Works around a sync-time performance regression on PG12 #4609

dralley · 2023-10-25T16:21:50Z

We still don't really "know":

Why this only seems to happen on PG12
Why the original query change (https://github.com/pulp/pulpcore/pull/4275/files) triggered this
Why it only seems to happen on capsule syncs (this is most mysterious)

lubosmj

With this, we got down to ~25m of sync time on the Satellite 6.14 environment (instead of 2 hours), syncing 36 repositories to a capsule with the on-demand policy. We got the same result as with Pulpcore 3.22.12, where the commit in question (#4275) was not included.

It would be interesting to see if this change improved the performance on PG13 even more.

ggainey · 2023-10-25T17:45:03Z

pulpcore/app/models/repository.py

@@ -850,7 +850,9 @@ def add_content(self, content):
            raise ResourceImmutableError(self)

        repo_content = []
-        to_add = set(content.exclude(pk__in=self.content).values_list("pk", flat=True))
+        to_add = set(content.values_list("pk", flat=True)) - set(


So the net here, is that we are moving from "let postgres do the set-theory via exclude()", to "do the set-theory explicitly, in python, via set(A) - set(B)". I have nothing to add that clears up any of the mysteries noted; just clarifying what we're doing.

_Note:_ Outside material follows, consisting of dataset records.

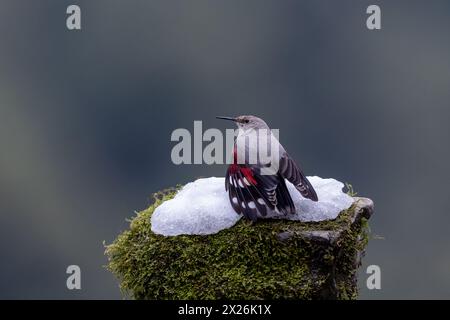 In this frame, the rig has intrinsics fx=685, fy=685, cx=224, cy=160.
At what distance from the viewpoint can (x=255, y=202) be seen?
177 inches

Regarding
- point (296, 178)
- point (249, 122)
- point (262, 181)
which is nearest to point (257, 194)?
point (262, 181)

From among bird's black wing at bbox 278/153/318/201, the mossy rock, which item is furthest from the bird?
the mossy rock

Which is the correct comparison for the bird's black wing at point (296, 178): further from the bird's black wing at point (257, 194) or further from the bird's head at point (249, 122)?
the bird's head at point (249, 122)

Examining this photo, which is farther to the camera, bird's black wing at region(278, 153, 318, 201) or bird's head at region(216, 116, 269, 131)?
bird's head at region(216, 116, 269, 131)

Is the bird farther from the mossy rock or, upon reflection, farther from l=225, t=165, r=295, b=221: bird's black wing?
the mossy rock

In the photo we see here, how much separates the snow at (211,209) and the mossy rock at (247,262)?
0.17 feet

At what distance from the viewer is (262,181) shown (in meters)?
4.50

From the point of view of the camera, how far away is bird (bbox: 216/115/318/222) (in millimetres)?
4496

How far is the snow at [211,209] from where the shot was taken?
180 inches

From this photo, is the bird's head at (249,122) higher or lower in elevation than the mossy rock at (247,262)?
higher

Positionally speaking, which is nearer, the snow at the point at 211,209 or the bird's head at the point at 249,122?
the snow at the point at 211,209

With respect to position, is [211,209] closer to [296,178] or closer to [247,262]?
[247,262]

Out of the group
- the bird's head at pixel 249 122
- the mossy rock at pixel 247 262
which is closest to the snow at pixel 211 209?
the mossy rock at pixel 247 262

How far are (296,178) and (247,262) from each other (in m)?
0.65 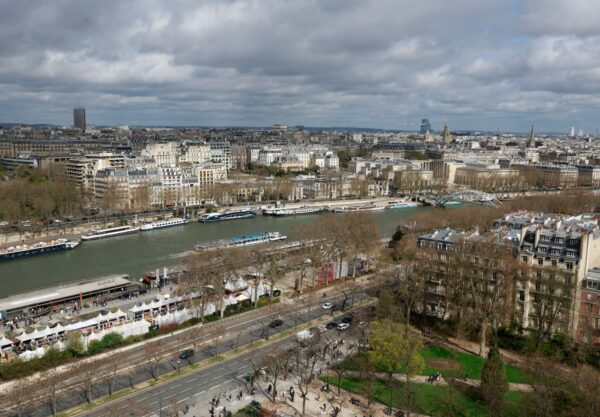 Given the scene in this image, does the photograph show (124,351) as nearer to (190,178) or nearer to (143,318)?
(143,318)

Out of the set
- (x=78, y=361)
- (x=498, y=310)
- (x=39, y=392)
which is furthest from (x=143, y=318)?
(x=498, y=310)

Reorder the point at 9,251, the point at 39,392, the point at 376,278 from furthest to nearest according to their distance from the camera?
the point at 9,251
the point at 376,278
the point at 39,392

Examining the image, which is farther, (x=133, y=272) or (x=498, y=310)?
(x=133, y=272)

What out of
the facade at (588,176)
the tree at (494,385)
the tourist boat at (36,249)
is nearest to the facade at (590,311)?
the tree at (494,385)

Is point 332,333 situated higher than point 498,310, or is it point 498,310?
point 498,310

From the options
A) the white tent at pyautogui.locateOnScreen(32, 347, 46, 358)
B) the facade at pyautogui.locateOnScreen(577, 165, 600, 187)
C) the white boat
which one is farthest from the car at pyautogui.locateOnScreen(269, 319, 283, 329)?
the facade at pyautogui.locateOnScreen(577, 165, 600, 187)

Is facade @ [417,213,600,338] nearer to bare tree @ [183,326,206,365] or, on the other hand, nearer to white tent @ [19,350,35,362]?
bare tree @ [183,326,206,365] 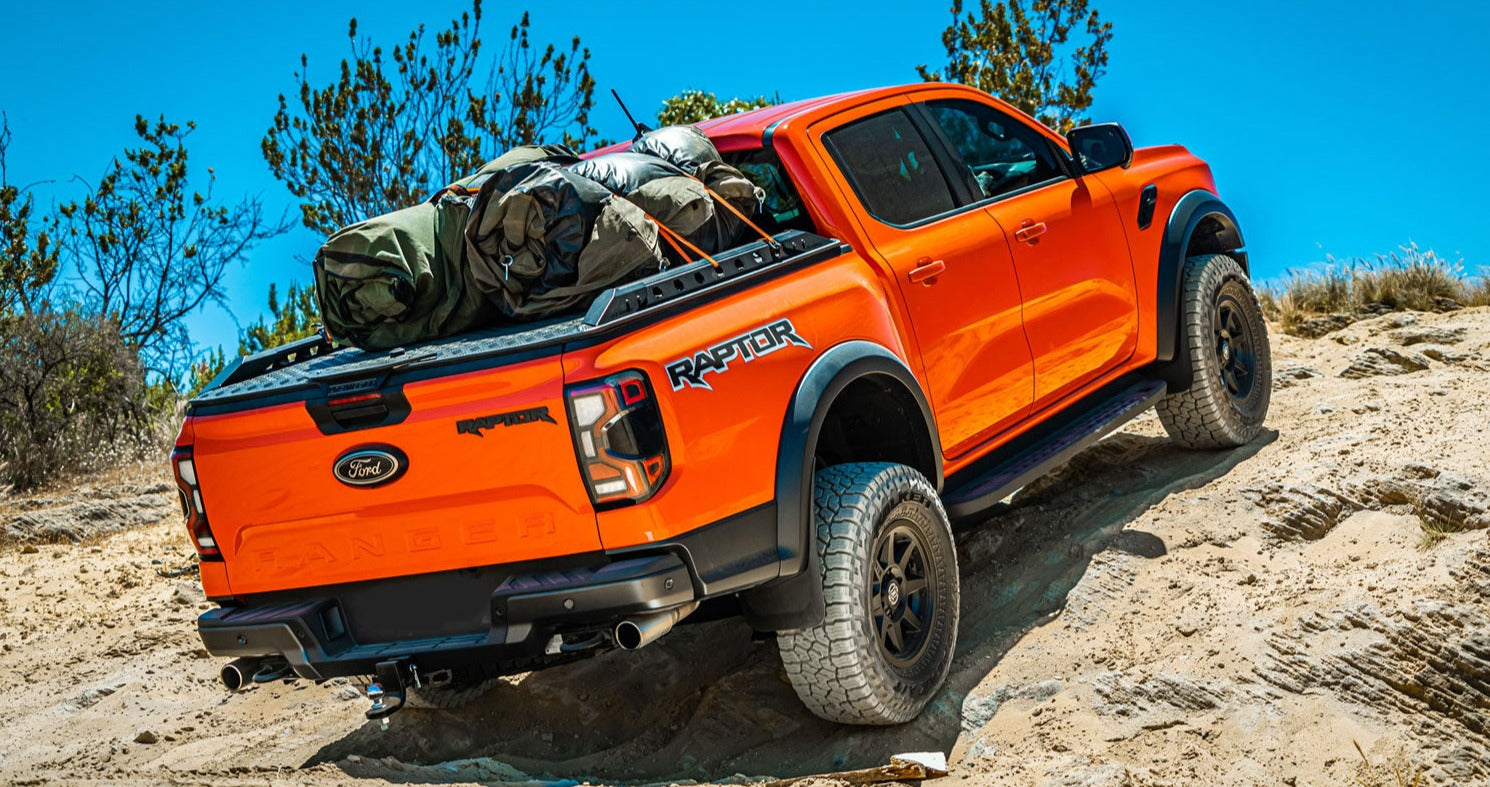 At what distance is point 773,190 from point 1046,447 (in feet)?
5.10

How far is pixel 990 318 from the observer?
529cm

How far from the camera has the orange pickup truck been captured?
12.3 feet

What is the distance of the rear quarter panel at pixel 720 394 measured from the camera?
3748 mm

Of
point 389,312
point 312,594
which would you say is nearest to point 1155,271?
point 389,312

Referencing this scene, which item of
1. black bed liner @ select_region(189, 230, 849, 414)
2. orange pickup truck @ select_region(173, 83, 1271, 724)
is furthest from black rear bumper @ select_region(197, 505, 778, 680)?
black bed liner @ select_region(189, 230, 849, 414)

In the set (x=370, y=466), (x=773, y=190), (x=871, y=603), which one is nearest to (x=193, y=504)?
(x=370, y=466)

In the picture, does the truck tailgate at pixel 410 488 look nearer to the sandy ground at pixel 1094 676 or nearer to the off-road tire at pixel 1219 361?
the sandy ground at pixel 1094 676

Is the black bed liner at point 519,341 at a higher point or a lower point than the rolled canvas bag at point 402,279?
lower

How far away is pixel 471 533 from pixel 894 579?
1448mm

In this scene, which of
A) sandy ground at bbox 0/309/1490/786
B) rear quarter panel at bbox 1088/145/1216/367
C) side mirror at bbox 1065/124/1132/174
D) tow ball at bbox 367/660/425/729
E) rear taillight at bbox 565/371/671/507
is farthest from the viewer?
rear quarter panel at bbox 1088/145/1216/367

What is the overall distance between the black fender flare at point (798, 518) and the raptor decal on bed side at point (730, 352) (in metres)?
0.14

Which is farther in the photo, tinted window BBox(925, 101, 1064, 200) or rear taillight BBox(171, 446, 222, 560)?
tinted window BBox(925, 101, 1064, 200)

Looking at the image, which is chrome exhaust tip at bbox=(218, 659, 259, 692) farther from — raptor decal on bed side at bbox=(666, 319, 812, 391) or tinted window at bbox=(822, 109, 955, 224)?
tinted window at bbox=(822, 109, 955, 224)

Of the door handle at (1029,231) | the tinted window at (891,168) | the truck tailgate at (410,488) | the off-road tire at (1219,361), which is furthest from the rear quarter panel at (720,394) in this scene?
the off-road tire at (1219,361) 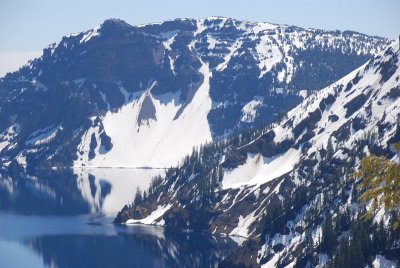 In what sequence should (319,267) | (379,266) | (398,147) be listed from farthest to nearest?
1. (319,267)
2. (379,266)
3. (398,147)

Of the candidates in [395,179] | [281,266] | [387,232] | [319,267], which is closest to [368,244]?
[387,232]

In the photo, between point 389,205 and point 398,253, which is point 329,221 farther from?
point 389,205

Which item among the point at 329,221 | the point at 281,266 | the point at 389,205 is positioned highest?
the point at 389,205

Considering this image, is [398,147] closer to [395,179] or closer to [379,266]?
[395,179]

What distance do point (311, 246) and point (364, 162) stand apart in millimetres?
158811

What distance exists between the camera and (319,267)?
182 meters

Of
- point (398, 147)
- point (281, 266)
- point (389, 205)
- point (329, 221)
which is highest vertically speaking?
point (398, 147)

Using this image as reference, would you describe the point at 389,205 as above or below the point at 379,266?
above

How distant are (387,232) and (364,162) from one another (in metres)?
136

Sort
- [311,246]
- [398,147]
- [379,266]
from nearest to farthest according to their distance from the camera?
[398,147] → [379,266] → [311,246]

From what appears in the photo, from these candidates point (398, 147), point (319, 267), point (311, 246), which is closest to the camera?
point (398, 147)

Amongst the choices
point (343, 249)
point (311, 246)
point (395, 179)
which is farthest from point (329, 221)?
point (395, 179)

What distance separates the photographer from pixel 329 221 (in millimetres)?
197500

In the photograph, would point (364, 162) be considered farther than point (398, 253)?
No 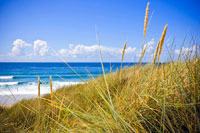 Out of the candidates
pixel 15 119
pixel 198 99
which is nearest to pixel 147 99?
pixel 198 99

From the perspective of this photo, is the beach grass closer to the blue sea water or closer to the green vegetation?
the green vegetation

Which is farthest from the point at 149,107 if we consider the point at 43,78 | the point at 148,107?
the point at 43,78

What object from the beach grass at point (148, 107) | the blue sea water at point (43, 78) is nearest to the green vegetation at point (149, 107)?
the beach grass at point (148, 107)

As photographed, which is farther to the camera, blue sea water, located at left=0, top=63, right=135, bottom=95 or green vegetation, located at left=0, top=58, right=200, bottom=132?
blue sea water, located at left=0, top=63, right=135, bottom=95

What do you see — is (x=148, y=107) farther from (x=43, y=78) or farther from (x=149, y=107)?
(x=43, y=78)

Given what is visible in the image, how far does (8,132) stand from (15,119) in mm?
696

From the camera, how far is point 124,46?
132 centimetres

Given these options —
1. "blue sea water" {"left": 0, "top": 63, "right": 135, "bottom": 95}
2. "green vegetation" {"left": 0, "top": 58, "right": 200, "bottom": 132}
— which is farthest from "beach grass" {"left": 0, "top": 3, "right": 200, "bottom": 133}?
"blue sea water" {"left": 0, "top": 63, "right": 135, "bottom": 95}

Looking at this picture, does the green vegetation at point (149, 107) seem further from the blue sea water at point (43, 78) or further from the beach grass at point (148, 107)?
the blue sea water at point (43, 78)

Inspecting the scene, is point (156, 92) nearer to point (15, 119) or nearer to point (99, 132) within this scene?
point (99, 132)

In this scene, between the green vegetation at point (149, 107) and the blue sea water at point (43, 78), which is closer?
the green vegetation at point (149, 107)

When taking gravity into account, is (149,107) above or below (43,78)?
above

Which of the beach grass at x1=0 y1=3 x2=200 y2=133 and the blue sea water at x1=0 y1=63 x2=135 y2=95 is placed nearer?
the beach grass at x1=0 y1=3 x2=200 y2=133

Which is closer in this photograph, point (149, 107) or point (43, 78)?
point (149, 107) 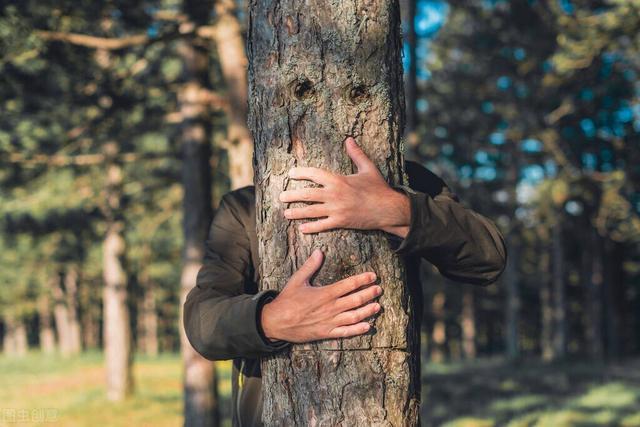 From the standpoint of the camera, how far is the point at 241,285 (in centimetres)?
264

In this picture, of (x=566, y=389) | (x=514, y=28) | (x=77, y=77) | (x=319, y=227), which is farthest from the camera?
(x=514, y=28)

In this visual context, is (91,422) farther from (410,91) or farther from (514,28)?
(514,28)

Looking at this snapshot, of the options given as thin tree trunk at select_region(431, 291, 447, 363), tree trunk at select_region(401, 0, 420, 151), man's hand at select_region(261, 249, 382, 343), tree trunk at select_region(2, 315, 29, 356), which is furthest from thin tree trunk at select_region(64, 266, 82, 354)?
man's hand at select_region(261, 249, 382, 343)

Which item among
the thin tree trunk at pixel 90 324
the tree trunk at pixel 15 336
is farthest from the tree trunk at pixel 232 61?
the thin tree trunk at pixel 90 324

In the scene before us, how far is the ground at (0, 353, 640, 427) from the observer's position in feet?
35.2

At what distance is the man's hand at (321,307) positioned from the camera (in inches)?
86.9

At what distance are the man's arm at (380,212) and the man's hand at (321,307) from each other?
0.15 metres

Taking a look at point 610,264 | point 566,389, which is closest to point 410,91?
point 566,389

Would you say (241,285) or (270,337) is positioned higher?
(241,285)

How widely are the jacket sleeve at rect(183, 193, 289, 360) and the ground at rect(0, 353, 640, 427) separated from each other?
8.39m

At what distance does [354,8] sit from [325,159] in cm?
57

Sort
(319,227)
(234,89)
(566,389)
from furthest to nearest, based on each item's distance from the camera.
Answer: (566,389) < (234,89) < (319,227)

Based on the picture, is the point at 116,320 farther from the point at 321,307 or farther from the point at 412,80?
the point at 321,307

Are we using set just to get the difference between those two sets?

Hello folks. I'm just exploring some issues to get familiarized with the codebase and had a small idea on this.

We can achieve the same set difference with some performance gains (about 2x with a humble sample) by not creating a second set. If this is a meaningful point to optimize, it may be worth trying this out.

def set_diff(a: Set, b: tuple): for obj in b: if obj in a: a.remove(obj) return a from typing import Set def set_diff_normal(a: Set, b: tuple): return a - set(b) a = {3775, 4642, 1725, 576, 1467, 1152, 1718, 6721, 7899, 4756, 2213, 7843, 768, 6464, 7427} b = (3775, 7899, 434, 15048, 7843) if __name__ == "__main__": assert set_diff(a, b) == set_diff_normal(a, b) from timeit import timeit result_a = timeit( "set_diff(a,b)", setup="from __main__ import set_diff,a,b") result_b = timeit( "set_diff_normal(a,b)", setup="from __main__ import set_diff_normal,a,b") print(result_a) # output: ~ 0.10 print(result_b) # output: ~ 0.24

The performance issue has nothing to do with the set creation (which would take milliseconds at most), but rather the way the query is constructed and how Postgresql plans its execution.

Previously we were generating one large query, which different versions of Postgresql seemed to handle differently, and Postgresql 12 was having severe performance issues. By gathering the results of some smaller queries into a set in Python, we keep the queries smaller and simpler, and avoid causing Postgresql to go a little haywire.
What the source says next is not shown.